焦って急いでいるかもしれませんが、いくつかの鍵業者を比較しておくことも大切です。ぼったくりや高額請求を防ぐために、かならず見積もりを取ってから依頼しましょう。追加料金の有無まで確認するのがポイントです。
ミツモアの無料一括見積もりサービスを使えば、平均2分で最大5件の見積もりを比較できるので、お急ぎの方はぜひお試しください。
【退去時】鍵を紛失しているときの対処法と費用
合鍵(スペアキー)があれば、片方の鍵を紛失していても問題なく生活できますよね。しかし困るのは退去時です。入居時に受け取っていた鍵はすべて管理会社に返却しなくてはいけません。
【対処法】正直に伝えるのが最適解
賃貸の場合は、鍵を紛失したからといって勝手に鍵交換をするとトラブルのもとです。

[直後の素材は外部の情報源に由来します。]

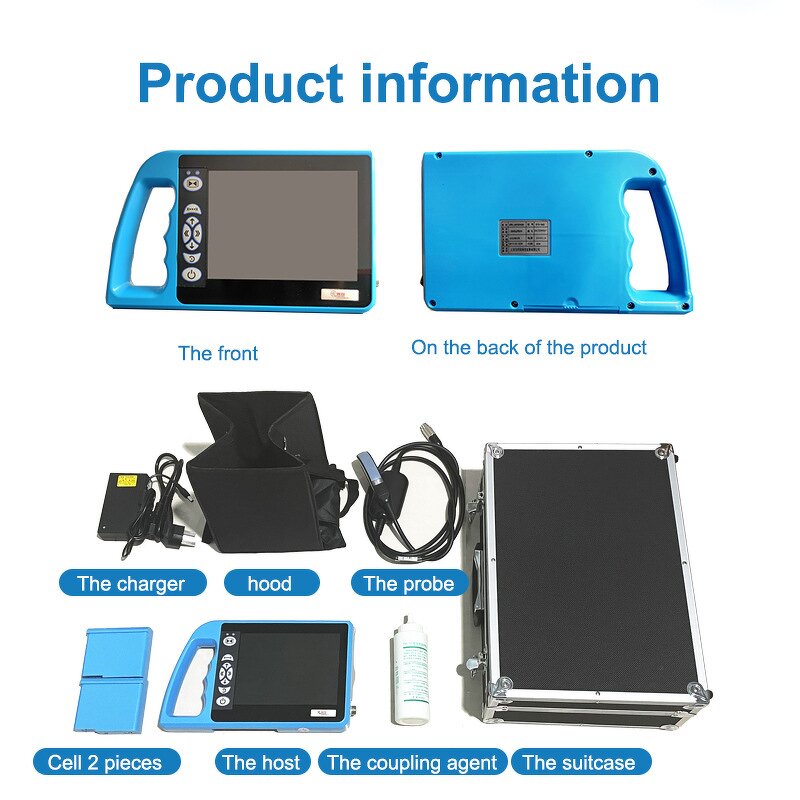 Pet Ultrasound Machine - 8 Inch Screen Portable Handheld Water Proof for Pregnant Cows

部屋と鍵を所持しているのは貸主側なので、勝手に鍵を替えることはできません。
また退去時の原状回復によって、せっかくお金をかけて自分で交換した鍵でも、もう1度鍵交換しなくてはいけなくなることも。もちろんその場合の費用は借主負担となります。
そのため退去時に鍵を紛失している場合は、そのことを正直に伝えるのがトラブルのリスクや費用面から見ても最適解といえます。
【費用】鍵を紛失して退去すると鍵交換費用がかかる
もともと受け取っていた鍵をすべて返却できない場合、鍵の交換費用はすべて借主負担となるのが一般的です。金額は鍵の種類によって変わりますが、相場は10,000~25,000円ほど。

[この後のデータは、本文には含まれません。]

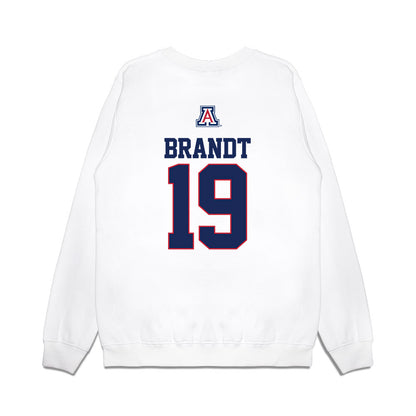 Arizona - NCAA Baseball : Evan Brandt - USA Raglan Premium Crewneck Sweatshirt-1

賃貸の原状回復について基準を提示している「原状回復をめぐるトラブルとガイドライン」(国土交通省)にも、鍵を紛失した場合は借主負担となる事例が紹介されています。
ただし賃貸の支払い関連は、上記ガイドラインが絶対ではありません。法的にいちばん重んじられるのは、借主と大家・管理会社が結んでいる「契約書」の内容です。まずは契約書を確認してみましょう。
参考:原状回復をめぐるトラブルとガイドライン | 国土交通省
(鍵の紛失についての記載は21ページ目以降の別表) |
オートロックのマンションでは、全部屋の鍵交換費用を請求される可能性も
鍵を紛失することは、住居の安全性にかかわります。もしも失くした鍵を悪用されると、マンションやアパートに侵入される可能性があるからです。

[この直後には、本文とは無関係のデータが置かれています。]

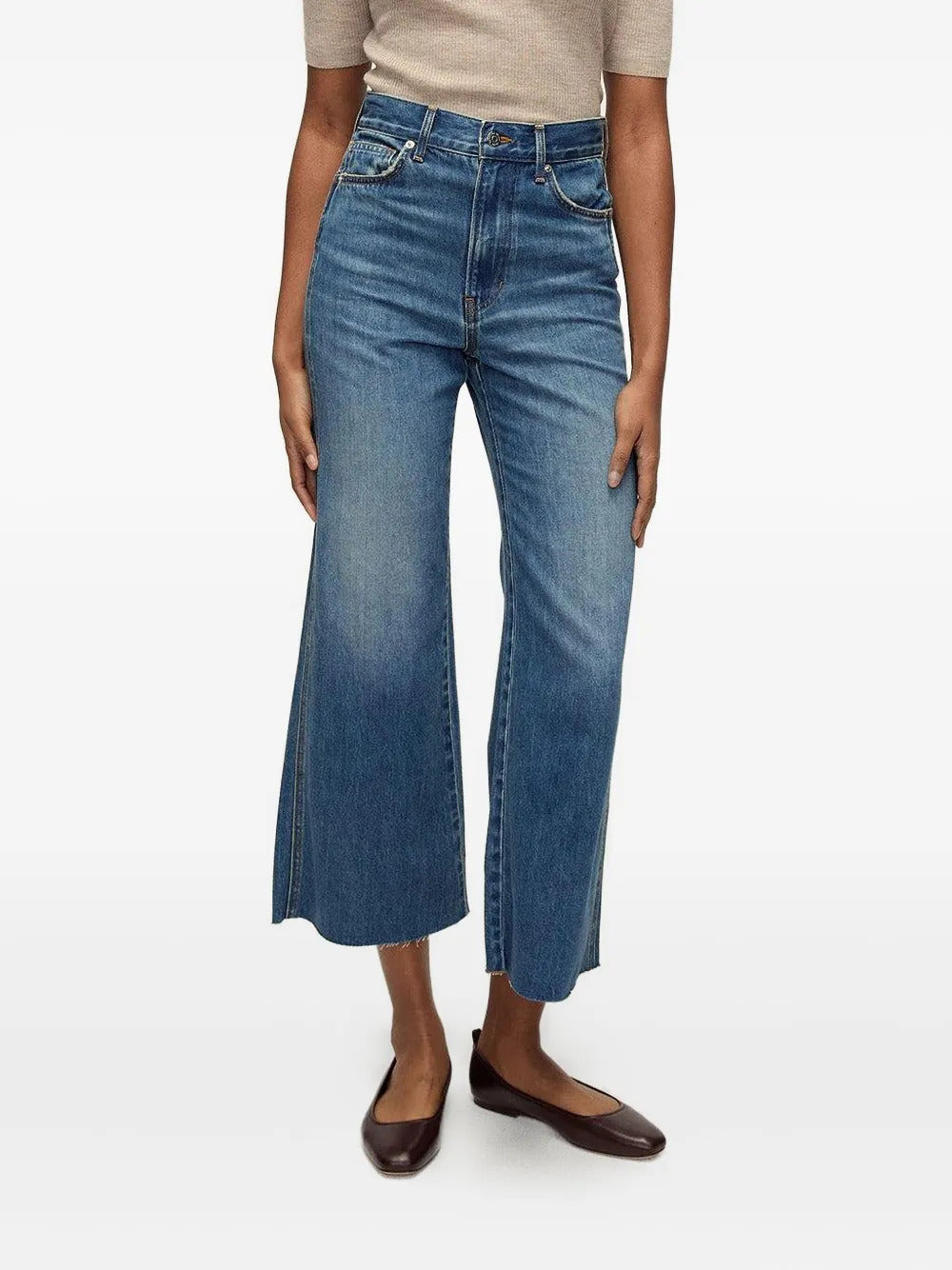 Veronica Beard  Taylor frayed-hem jeans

オートロック付きマンションの場合は、エントランスキーを紛失してしまうと、すべての住人にとって防犯性が下がってしまうことに。そのため全部屋の鍵交換費用を請求される可能性があるのです。
ただし結論として、賃貸の場合は全額負担となる可能性は低いでしょう。オートロックでも「入居者が通るタイミングで他の人が入れるので、突破される確率は一定ある」からです。鍵の紛失だけでは、著しくセキュリティ機能が下がるわけではありません。
そのため全部屋の鍵交換費用が個人に請求されるとは考えにくく、支払っても数万円が妥当です。
ただし鍵を紛失したことは過失に変わりないので、「無料にしてほしい」というのにも無理があります。どんなに安く済んでも、自分の部屋の鍵交換費用は自己負担になると考えておきましょう。
入居時に鍵交換しているのに払うの?
「入居時に支払った鍵交換費用でなんとかできないの?」と思う方も多いのではないでしょうか。
しかし入居時の鍵交換は、じつは防犯性を高めるために任意でおこなうものです。退去時にはあくまで「借りていたものをすべて返す」という必要があるので、鍵を失くした場合は鍵交換をしなくてはいけなくなります。
次の入居者が鍵交換するのでは?
「次の入居者が鍵交換をするから、退去時の鍵交換は必要ないのでは?」と思う方もいるかもしれません。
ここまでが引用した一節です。